Once a Warehouse in Savannah, Georgia
Long before this impressive old building housed guests as an inn, it was filled with raw cotton.
Savannah was the world's second largest cotton seaport and warehouses lined the riverfront.
It's hard to grasp this hotel set-up. The huge brick and stone building seemed to grow from a high bluff. On the rear side, it looked way down on the waterfront.
Bridges and Stairs
All these levels meant we dealt with a lot of bridges and stairways, some with signs of caution, due to their age.
That added to the excitement!
A Grand Line up!
Our building was connected to others, just steps away from the beautiful Savannah Cotton Exchange building.
To find the hotel entrance, we crossed a bridge and entered on an upper level, facing the city.
Once inside, it was hard to detect the age of the building.
The lobby felt classy and uncluttered, with a beautiful model ship here and a lovely riverfront painting there.
It wasn't until we viewed the building from the rear that we got a good feel for the age. In 1817, the warehouse had only 2 stories, built of recycled ballast stone.

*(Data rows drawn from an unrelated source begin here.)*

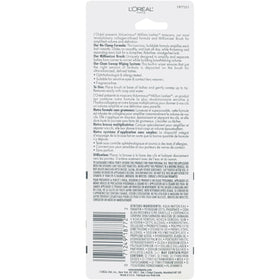 L'Oreal Paris tube inside a makeup bag illustrating daily-ready volumizing benefit on-the-go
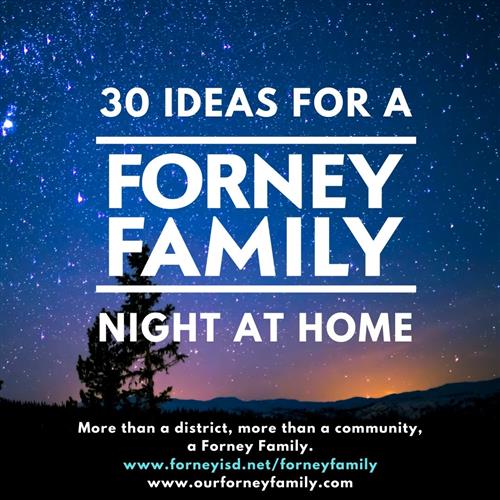Forney Family Night Ideas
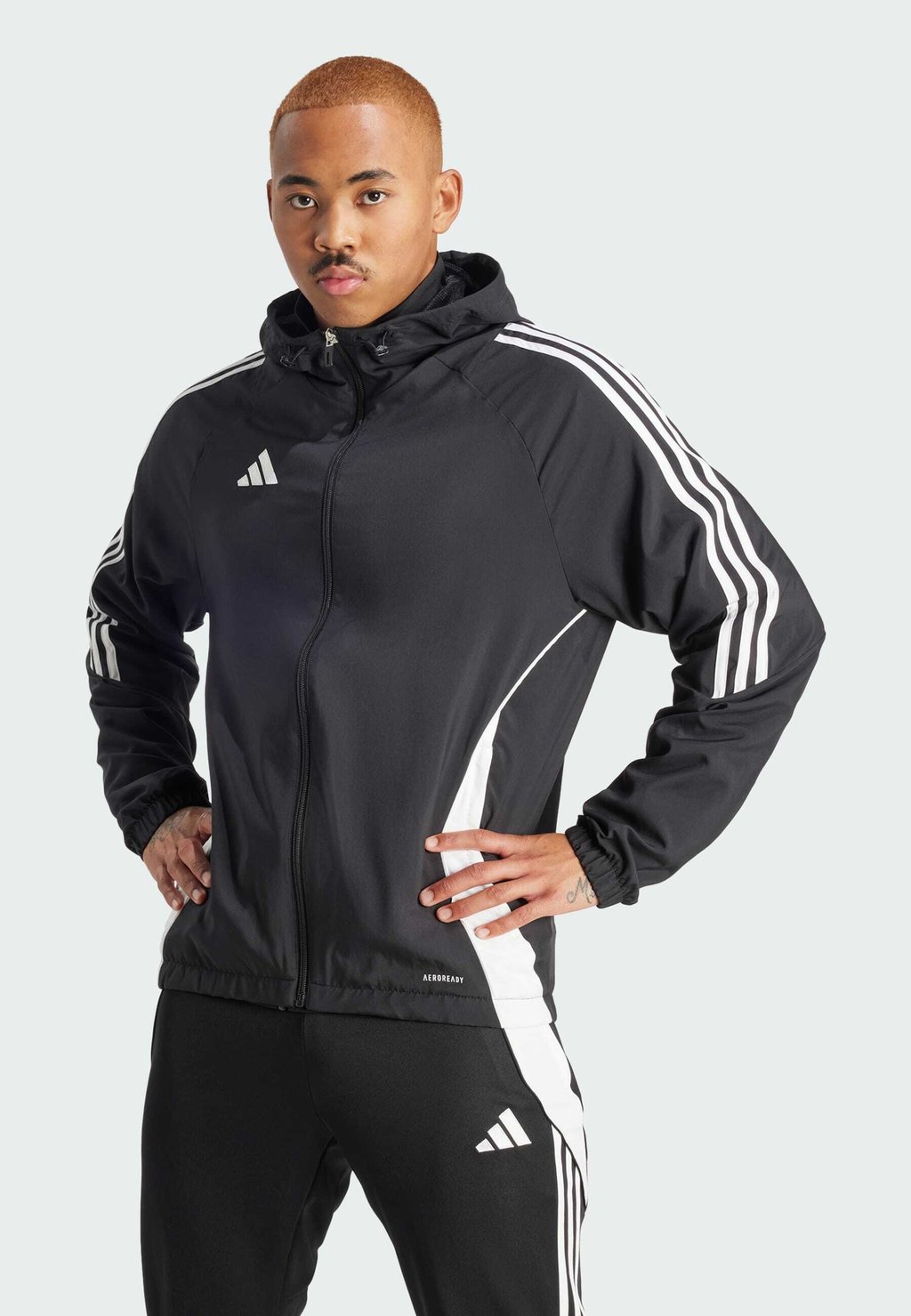 Куртка тренировочная TIRO24 adidas Performance, цвет black white PERFORMANCE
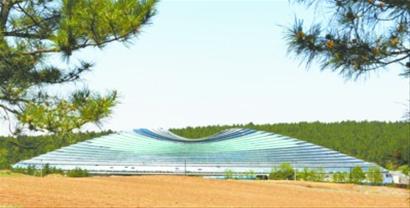 牛河梁国家考古遗址公园第二地点祭祀保护展示工程外景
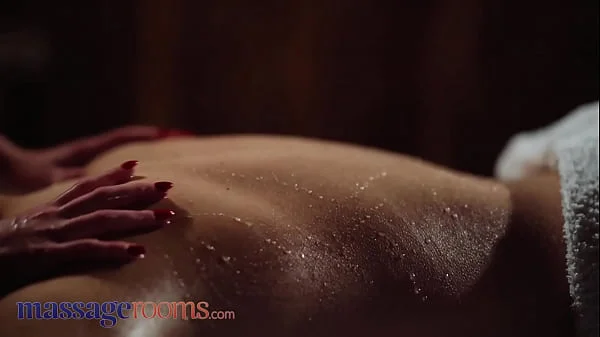 Massage Rooms Petite Czech blonde Lady Bug romantic blowjob hardcore sex and creampie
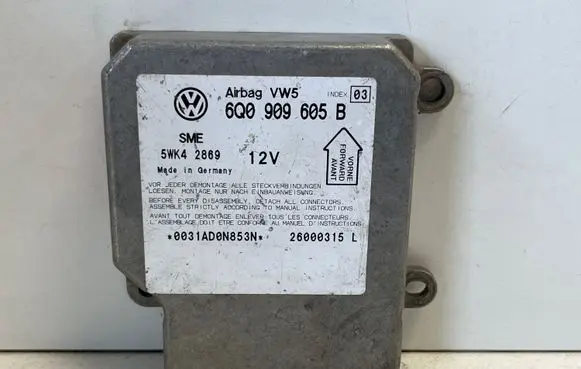 Volkswagen PASSAT B5.5 Airbag control unit/module 6Q0909605B 5WK42869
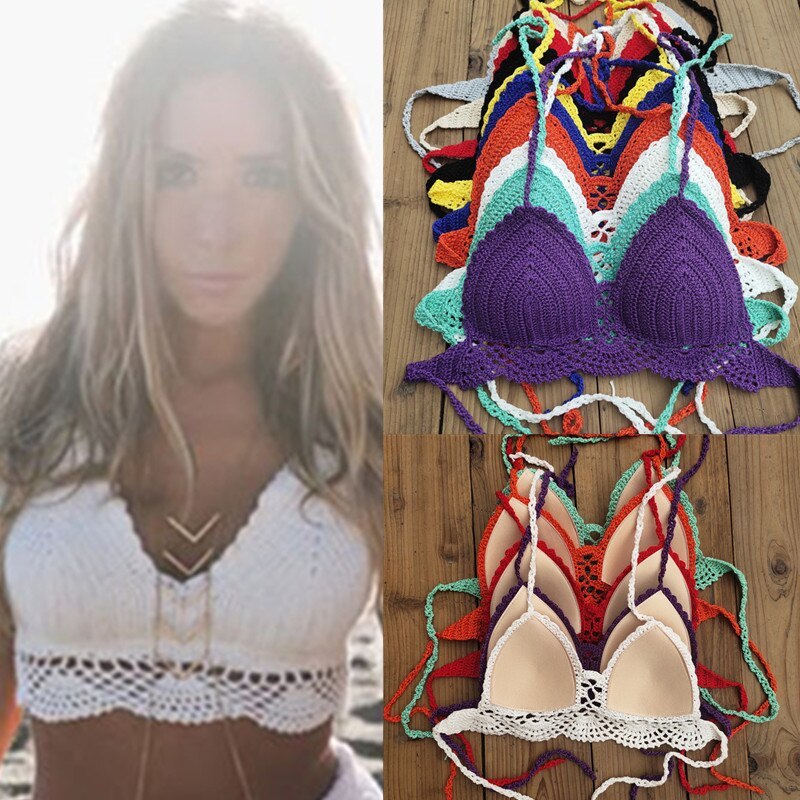 Boho Crochet Bra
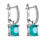 Miniatura: Aretes Nihal de plata con turmalina paraiba y zirconias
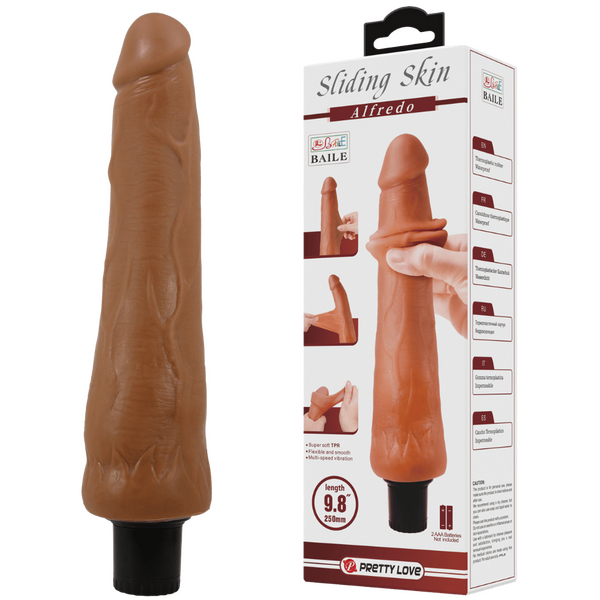 Alfredo Vibrating 9.8 Inch Realistic Dildo – Multi-Speed Vibrator > Dildos > Realistic Dildos - Tophatter Daily Deals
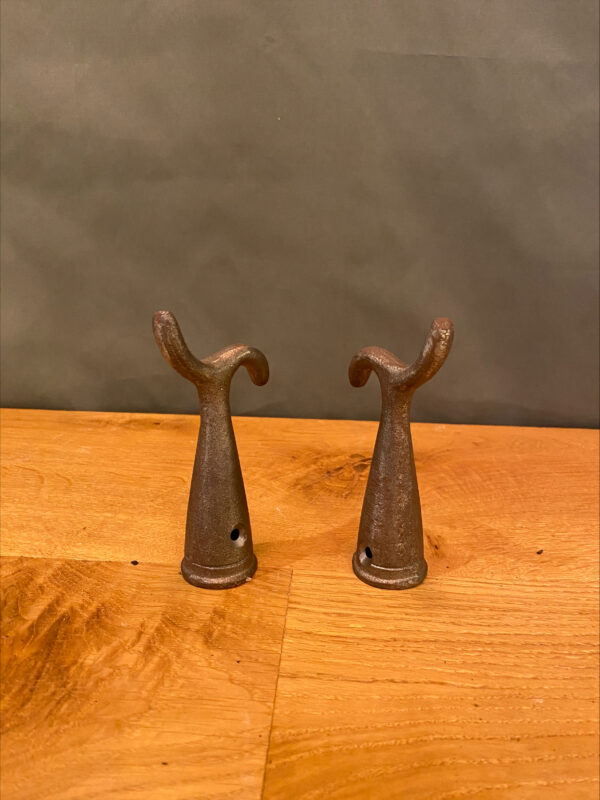 Vintage Cast Iron Pole Hooks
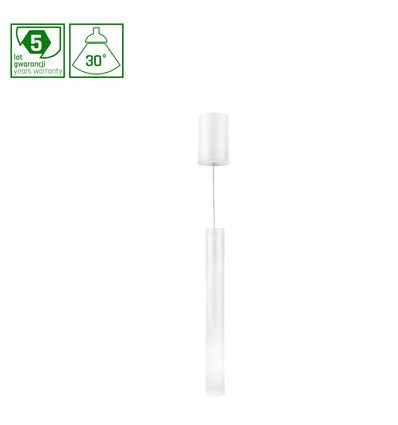 11W HANGIT MULTIWAY S taklampe - 1070lm, 30°, hvit, høydejusterbar, 2700K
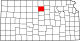 Map of Kansas highlighting Mitchell County.svg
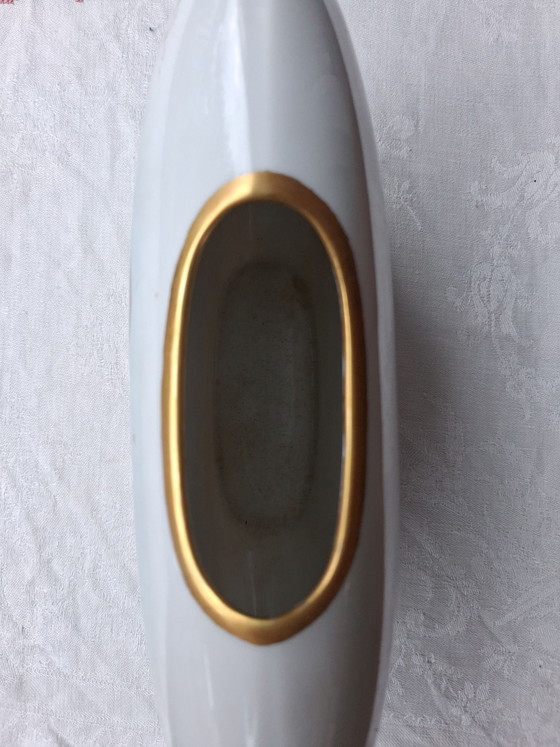 Vase porcelaine Bavière oiseaux – Hutschenreuther (photo 4 of 10)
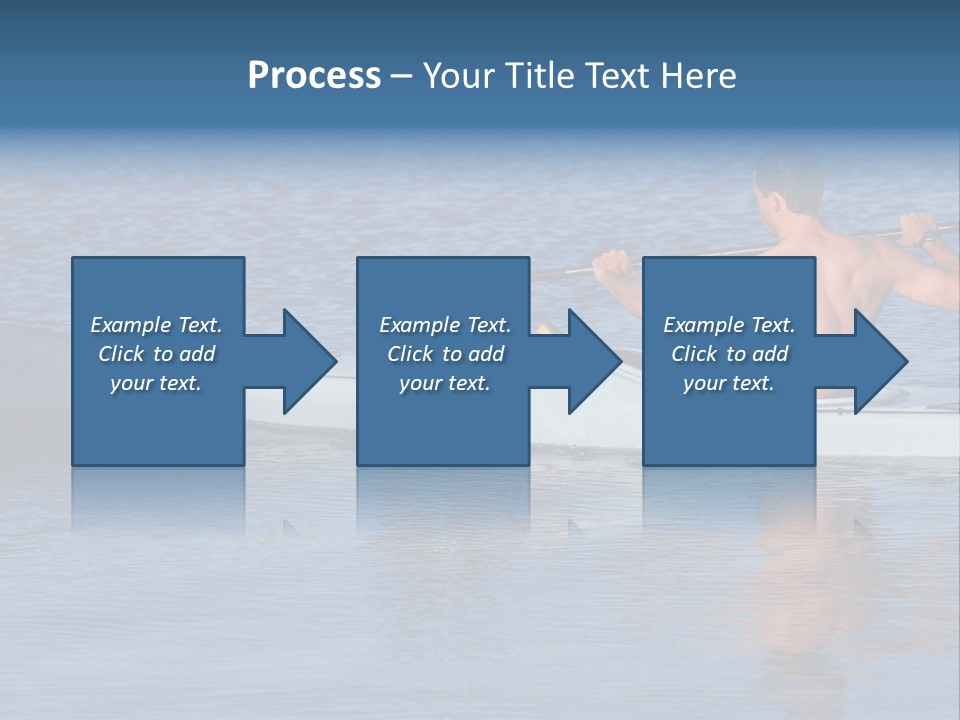 An Athletic Young Male Kayaker With Bare Upper Body Is Paddling Off Into Calm Blue Waters Of Mission Bay, San Diego, California. PowerPoint Template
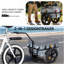 Remorque cargaison 2-en-1 avec boîte de rangement pliable, housse amovible et imperméable, remorque à vélo avec roues à dégagement rapide de 16 po, grande capacité de 70 L, noir et gris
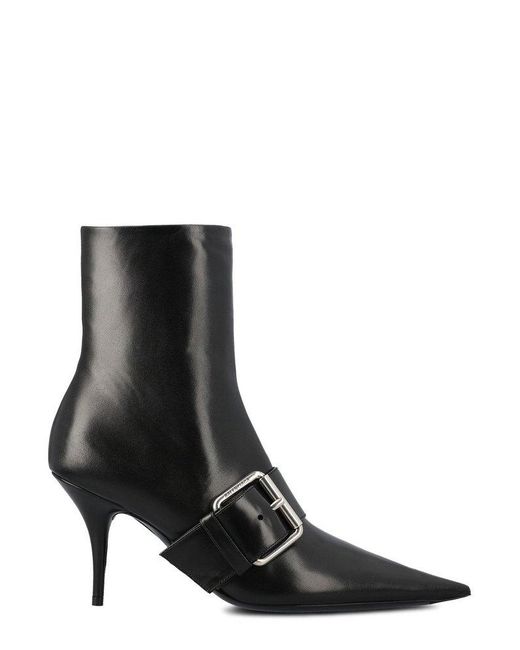 Balenciaga Knife Belted Boots in Black Lyst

By 1853 they needed to expand and built upward, with 3 more floors. All these floors had outside access for removal of cotton bales. The bluff in front, along with additional alleys and walkways, allowed for that.
Entering from the lowest floor on the river side, we were better able to visualize the building as a bustling warehouse.
The ballast stone walls met up with thick, brick arches and the stairs and walkways connected the floors and walls.
Up to the Skylight
The climb upward took us away from the rustic stone and brick, to wallpaper and pastel paint and wall murals, depicting historic river scenes. I loved having a little help imagining Savannah 200 years ago.
When we traveled all the way up, we found a small sitting area with potted plants and a wall of bookcases. The skylight, even with gloomy January skies, brightened the space.
The halls gave a good view of the brick arches.
The wooden floors were filled with dark lumps and bumps, but smoothed so perfectly over time. I don't think you could get a splinter, if you tried.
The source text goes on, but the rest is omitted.